Reproduce, exactly and only, the lines of the data that follows from the one containing "Người dân bỡ" down to the one containing "Used 2016 Jeep", without pictures.

Data for this exercise -
+ + + + +
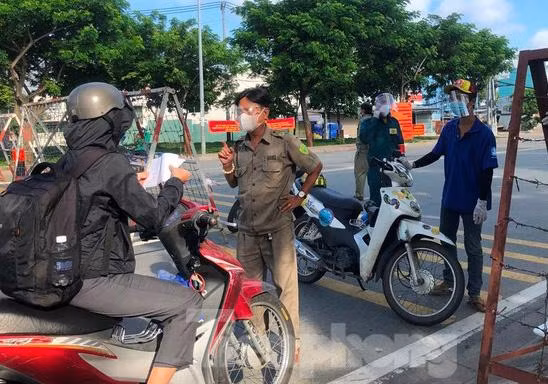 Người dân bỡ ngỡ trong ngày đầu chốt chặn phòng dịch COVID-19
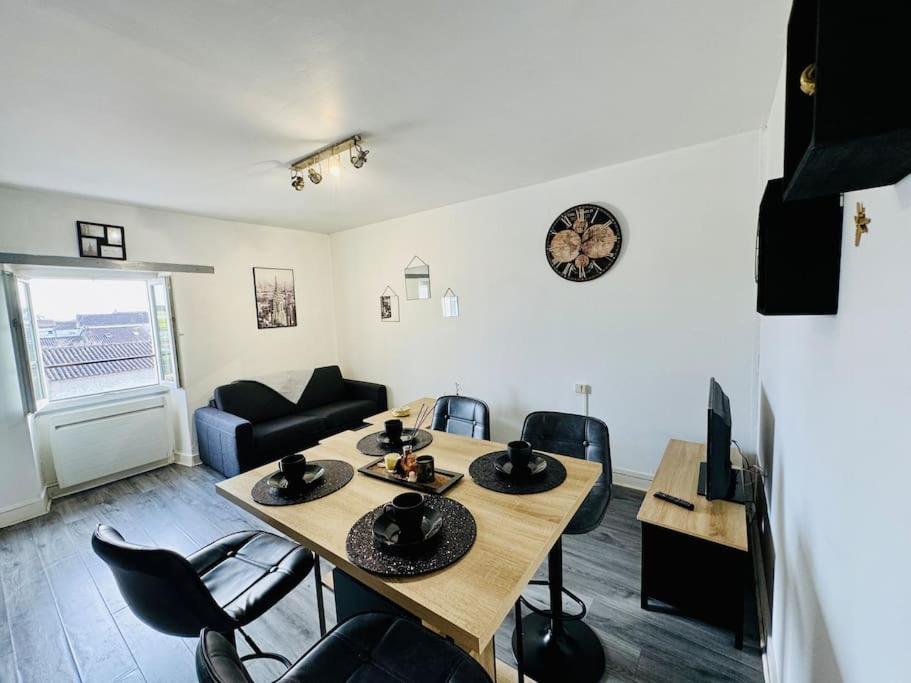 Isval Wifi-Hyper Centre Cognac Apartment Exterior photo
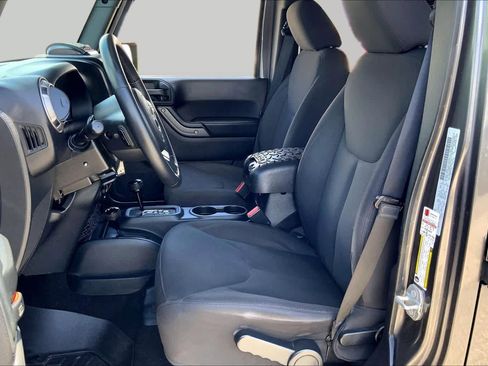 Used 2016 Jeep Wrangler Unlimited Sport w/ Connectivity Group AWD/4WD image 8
+ + + + +
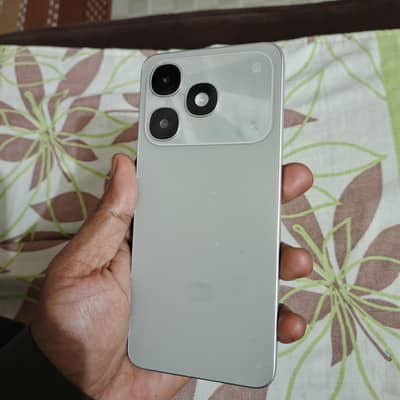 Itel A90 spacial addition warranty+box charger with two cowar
+ + + + +
Answer to this task -
 Người dân bỡ ngỡ trong ngày đầu chốt chặn phòng dịch COVID-19
 Isval Wifi-Hyper Centre Cognac Apartment Exterior photo
 Used 2016 Jeep Wrangler Unlimited Sport w/ Connectivity Group AWD/4WD image 8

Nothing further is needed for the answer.